Menurutnya, kegaduhan politik ini seharusnya dijawab secara serius oleh lembaga legislatif, dalam hal ini DPR dan MPR. Jika aspirasi publik yang berkembang dibiarkan, dikhawatirkan akan memicu kegaduhan lebih besar.
Sarbini bahkan menyinggung kekhawatiran sebagian masyarakat terkait kondisi kesehatan Presiden Prabowo Subianto. “Kalau, semoga tidak ya, terjadi sesuatu pada Presiden Prabowo, maka otomatis Gibran akan naik menjadi Presiden. Pertanyaannya: apakah dia siap?” ujarnya.
Ia menilai, kekhawatiran yang muncul bukan semata karena Gibran adalah anak Presiden Joko Widodo, melainkan karena publik belum melihat kapasitas yang memadai dari sosok Gibran sebagai pemimpin negara.
“Kalau dia punya kemampuan luar biasa, mungkin orang akan lebih tenang. Tapi karena kemampuannya dinilai minim, wajar kalau masyarakat merasa waswas,” jelasnya.
Mantan Presidium MerC ini juga mengkritik sistem koalisi pemerintah yang terlalu kuat menguasai legislatif, sehingga fungsi pengawasan menjadi lemah. Menurutnya, situasi ini berbeda dengan negara-negara lain yang legislatifnya lebih independen, seperti di Filipina.

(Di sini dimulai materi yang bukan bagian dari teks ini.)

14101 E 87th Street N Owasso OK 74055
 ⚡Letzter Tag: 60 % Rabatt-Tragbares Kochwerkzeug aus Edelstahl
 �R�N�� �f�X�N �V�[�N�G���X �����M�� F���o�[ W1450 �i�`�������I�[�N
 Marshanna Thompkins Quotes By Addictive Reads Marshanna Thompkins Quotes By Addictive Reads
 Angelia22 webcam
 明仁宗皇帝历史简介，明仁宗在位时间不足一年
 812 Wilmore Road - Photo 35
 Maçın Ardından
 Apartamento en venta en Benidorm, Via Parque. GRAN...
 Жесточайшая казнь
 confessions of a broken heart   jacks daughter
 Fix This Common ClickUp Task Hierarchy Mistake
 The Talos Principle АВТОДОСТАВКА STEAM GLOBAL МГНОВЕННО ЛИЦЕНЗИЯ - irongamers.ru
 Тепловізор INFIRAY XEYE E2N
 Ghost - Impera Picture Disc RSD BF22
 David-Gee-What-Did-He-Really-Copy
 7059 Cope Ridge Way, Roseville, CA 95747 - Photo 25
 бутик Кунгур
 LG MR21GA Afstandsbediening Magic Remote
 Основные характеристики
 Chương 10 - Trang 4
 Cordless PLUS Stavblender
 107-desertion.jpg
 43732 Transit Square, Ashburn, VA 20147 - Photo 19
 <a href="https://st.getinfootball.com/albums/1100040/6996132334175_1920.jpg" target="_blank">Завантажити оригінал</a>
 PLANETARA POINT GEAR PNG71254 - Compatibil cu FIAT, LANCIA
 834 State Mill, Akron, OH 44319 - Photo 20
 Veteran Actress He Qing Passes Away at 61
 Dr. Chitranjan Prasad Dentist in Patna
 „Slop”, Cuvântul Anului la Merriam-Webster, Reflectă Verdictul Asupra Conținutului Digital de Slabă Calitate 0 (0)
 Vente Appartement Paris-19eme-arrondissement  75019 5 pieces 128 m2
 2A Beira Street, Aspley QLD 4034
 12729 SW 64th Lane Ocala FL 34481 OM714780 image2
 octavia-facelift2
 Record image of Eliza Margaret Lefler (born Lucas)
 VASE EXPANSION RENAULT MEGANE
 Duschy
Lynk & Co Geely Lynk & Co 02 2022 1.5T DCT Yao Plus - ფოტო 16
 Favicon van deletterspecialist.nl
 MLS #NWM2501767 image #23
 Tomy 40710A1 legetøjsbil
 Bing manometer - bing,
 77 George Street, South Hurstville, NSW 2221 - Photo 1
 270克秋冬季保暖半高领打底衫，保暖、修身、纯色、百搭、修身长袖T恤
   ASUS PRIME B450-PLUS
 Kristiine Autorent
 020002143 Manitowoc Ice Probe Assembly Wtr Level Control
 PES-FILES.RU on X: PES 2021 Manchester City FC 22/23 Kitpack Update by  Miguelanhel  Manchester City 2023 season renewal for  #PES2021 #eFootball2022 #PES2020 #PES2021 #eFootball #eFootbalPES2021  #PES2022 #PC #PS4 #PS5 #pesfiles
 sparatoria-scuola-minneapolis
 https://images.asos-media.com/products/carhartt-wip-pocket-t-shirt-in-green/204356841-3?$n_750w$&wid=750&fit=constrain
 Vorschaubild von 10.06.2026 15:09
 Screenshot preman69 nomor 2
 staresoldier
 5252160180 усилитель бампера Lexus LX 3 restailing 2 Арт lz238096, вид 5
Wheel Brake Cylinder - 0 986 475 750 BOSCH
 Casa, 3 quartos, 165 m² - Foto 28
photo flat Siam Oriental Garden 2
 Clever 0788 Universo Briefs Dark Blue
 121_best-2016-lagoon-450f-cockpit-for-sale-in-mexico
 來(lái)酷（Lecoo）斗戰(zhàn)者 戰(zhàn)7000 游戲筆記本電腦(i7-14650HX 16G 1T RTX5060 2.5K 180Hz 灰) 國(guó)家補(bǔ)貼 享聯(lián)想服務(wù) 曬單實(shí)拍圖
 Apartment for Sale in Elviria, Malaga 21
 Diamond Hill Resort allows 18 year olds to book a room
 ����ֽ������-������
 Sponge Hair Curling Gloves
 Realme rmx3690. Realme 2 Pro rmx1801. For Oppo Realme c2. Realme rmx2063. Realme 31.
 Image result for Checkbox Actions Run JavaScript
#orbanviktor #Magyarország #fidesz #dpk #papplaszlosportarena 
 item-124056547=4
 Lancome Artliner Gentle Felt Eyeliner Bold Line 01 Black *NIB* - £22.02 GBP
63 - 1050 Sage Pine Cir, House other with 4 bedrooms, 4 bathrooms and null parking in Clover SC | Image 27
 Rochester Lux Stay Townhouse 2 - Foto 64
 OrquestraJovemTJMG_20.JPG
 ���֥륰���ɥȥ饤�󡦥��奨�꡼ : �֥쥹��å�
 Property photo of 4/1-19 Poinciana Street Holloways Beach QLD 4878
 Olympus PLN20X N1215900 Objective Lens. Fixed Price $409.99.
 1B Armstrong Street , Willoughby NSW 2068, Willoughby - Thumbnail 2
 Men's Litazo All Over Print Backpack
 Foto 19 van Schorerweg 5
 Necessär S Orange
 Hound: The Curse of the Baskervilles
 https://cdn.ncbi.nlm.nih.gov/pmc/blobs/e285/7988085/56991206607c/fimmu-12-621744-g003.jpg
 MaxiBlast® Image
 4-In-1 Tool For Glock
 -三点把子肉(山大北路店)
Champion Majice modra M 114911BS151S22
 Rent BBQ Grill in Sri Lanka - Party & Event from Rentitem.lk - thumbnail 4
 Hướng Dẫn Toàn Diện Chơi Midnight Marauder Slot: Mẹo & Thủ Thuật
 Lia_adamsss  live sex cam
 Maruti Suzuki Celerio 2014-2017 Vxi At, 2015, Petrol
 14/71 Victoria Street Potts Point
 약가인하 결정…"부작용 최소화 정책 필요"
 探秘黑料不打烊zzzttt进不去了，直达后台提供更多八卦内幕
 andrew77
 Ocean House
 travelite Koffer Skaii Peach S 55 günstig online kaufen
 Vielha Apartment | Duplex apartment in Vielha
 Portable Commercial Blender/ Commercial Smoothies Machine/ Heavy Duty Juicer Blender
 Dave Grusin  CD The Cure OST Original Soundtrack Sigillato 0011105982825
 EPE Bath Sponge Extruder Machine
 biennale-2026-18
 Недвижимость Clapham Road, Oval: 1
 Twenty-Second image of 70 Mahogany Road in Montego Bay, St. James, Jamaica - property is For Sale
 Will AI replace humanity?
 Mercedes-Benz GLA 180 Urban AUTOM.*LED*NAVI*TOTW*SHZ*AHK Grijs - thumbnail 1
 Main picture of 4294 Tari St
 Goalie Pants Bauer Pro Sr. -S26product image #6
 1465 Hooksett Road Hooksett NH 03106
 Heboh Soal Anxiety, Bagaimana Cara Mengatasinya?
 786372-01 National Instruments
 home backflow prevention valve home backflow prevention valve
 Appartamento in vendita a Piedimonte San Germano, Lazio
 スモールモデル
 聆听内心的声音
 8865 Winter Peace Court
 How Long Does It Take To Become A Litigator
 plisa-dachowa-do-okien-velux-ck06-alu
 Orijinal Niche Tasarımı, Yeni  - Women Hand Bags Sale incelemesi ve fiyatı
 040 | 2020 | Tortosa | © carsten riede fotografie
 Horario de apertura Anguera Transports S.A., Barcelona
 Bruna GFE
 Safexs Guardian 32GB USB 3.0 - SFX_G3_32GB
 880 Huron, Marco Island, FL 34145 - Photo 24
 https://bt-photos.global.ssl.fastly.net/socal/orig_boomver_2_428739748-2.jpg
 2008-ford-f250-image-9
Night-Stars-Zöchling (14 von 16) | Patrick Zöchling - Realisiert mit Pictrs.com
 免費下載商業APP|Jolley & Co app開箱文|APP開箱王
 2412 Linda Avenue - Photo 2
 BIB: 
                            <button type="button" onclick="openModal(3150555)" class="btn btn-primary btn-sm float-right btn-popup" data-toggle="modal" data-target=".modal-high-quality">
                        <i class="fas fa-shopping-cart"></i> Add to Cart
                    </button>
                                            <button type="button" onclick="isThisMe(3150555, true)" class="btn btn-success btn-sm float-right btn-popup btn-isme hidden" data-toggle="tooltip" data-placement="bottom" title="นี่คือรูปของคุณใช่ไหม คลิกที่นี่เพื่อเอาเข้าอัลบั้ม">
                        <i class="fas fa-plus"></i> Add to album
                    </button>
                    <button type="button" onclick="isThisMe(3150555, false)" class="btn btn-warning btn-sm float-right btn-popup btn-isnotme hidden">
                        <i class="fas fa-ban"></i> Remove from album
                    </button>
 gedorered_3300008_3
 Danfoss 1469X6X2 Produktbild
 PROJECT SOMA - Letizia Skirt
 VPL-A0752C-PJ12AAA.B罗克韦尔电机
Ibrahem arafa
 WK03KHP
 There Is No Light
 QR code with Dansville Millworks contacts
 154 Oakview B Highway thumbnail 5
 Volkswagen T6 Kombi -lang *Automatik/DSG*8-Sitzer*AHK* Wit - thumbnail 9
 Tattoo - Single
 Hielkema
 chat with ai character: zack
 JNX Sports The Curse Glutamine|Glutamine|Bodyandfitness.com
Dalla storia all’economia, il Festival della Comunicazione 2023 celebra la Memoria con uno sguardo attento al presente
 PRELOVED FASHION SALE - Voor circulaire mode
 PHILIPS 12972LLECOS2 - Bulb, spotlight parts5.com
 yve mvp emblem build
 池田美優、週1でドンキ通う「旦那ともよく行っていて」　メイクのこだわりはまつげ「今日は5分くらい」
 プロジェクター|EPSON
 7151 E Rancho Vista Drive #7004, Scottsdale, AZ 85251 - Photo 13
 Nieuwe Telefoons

Terkait anggapan bahwa Presiden dan Wakil Presiden adalah satu paket dan tidak bisa dipisahkan, dr. Sarbini menyampaikan pandangannya dengan merujuk kasus Presiden Abdurrahman Wahid (Gus Dur).
“Dulu Gus Dur jatuh, padahal dia juga terpilih satu paket. Artinya pemakzulan tetap bisa terjadi, asalkan ada dasar hukum dan politik yang kuat,” tegasnya.
Ia juga menyinggung soal perubahan mendadak aturan usia capres-cawapres, dari 40 tahun menjadi 35 tahun, yang membuka jalan bagi Gibran maju di Pilpres 2024.
“Kita dulu ribut soal usia capres, tiba-tiba bisa berubah. Kalau itu bisa, kenapa pemakzulan dianggap tidak bisa? Semua tergantung pada kemauan politik dan keberpihakan pada konstitusi,” katanya.
Menutup pernyataannya, dr. Sarbini menegaskan bahwa suara-suara kritis dari masyarakat, termasuk para purnawirawan, harus dipandang sebagai bentuk kasih sayang kepada negeri, bukan upaya menjatuhkan pemerintah.
“Kalau ada kekhawatiran soal masa depan republik, terutama bila tampuk kekuasaan dipegang oleh orang yang belum terbukti kapasitasnya, maka itu wajar. Dan DPR harus menyikapinya dengan kepala dingin dan hati terbuka,” pungkasnya.